Le matériau vosgien est solide, durable indéfiniment, d'une parure élégante, d'une vision agréable.
Qui donc nous disait un jour que les bâtiments en grès rose étaient faits pour une rapide usure et devenaient très vite lépreux ? C'est une erreur profonde quand on voit le merveilleux château du cardinal de Rohan. à Saverne, aussi beau dans son architecture rose qu'aux jours élégants du XVIIIe siècle.

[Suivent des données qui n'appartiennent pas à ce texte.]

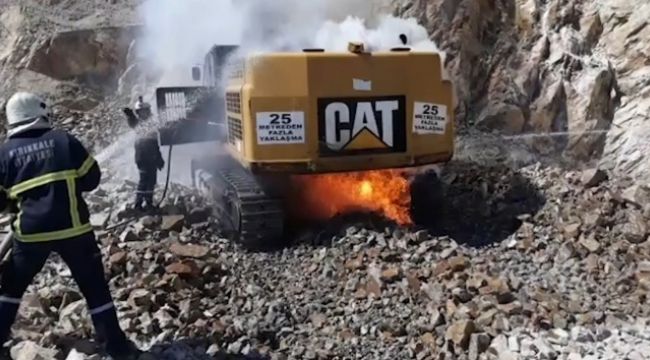 Kırıkkale'de 1,5 milyonluk iş makinesi yandı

Ces carrières de Vilsberg sont pour nous toute une révélation. Comment se fait-il donc que Nancy et sa région ne fassent pas leur choix, abondant et sûr, dans ces vastes carrières de grès, de Phalsbourg. Vilsberg, Arzwiller, Sarrebourg et Lutzelbourg? Combien j'aurais aimé voir l'église Sainte-Thérèse ainsi construite dans ce beau grès rose et blanc, moins cher assurément que nos pierres d'Euville et de Savonnières, de Viterne et de la côte Sainte-Catherine de Nancy !
C'est donc vers ces carrières considérables de grès d'Alsace, de grès lorrain, qu'il faut orienter les gens du bâtiment. Notre ami Henri Masson, de Lunéville, pourrait nous en dire tout le bien qu'il en pense... à défaut de ce pauvre Emile Lanord, qui nous avait précédés dans cette randonnée des carrières avec son illustre ami, le ministre Maginot.
Pourquoi donc n'est-on pas allé chercher dans ces carrières de Vilsberg les blocs de grès rose qui constituent le triste monument de la Croix de Bourgogne de Nancy, qui a coûté si cher et qui est déjà si piteux et si lépreux, avec ce bassin qui veut avoir l'outrecuidante prétention de rappeler notre vieil étang Saint-Jean.
Des six hectares exploités aux carrières de Vilsberg, nous allons maintenant aux carrières d'Arzwiller, à 15 kilomètres de Saverne, et dont les quatre hectares sont en pleine exploitation.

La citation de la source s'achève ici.